Thanks for that Albert.
I'm no expert on RDF and haven't used it yet. There are areas where this sort of thing would be very useful to me, though the designs I see don't really hack it (yet).
Examples (I've replaced angle brackets with
( and ) in the following, the CMS system kills the markup!):
Attaching a tag to a link
(a href="http://technorati.com/tag/tech" rel="tag")tech(/a)
so you've got a form of tagging within a page. (Some other people are developing a similar idea to mark up e-mail. Seems popular in some quarters, may endure.)

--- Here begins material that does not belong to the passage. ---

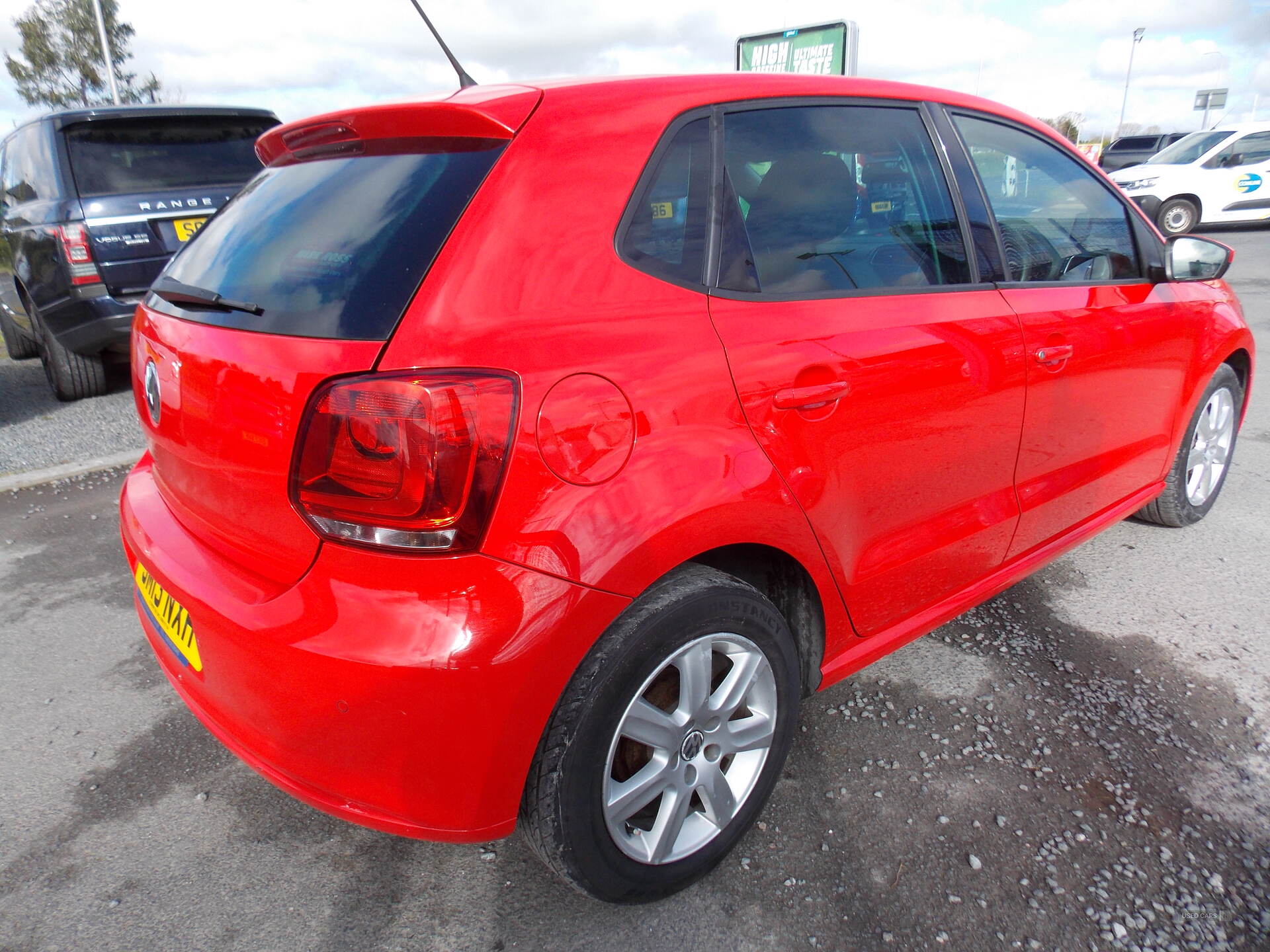 Jul 2013 Volkswagen Polo 1.2 70 Match Edition 5dr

Attaching license details to a link
(a href="http://creativecommons.org/licenses/by/2.0/" rel="license")cc by 2.0(/a)
There has been a need for something like this for a long time. Niche market.
Embedding your address details in a page is called "hCard ". I wouldn't do that myself too many spammers.
XFN or XHTML Friends Network. When I first saw this I thought it looked nuts. Now I'm not sure.
For more information try:
http://microformats.org/
and
http://en.wikipedia.org/wiki/Microformats
While the RDF approach might be technically better I'm unconvinced that we'll see it anytime soon. There's something in RDF called RDFa, which I haven't researched.
In technical fields there's huge potential, also pricing on web pages. This could be where it really takes off. Hidden to most but vital to some. I'm sure there's write ups in that area, but I've never seen one.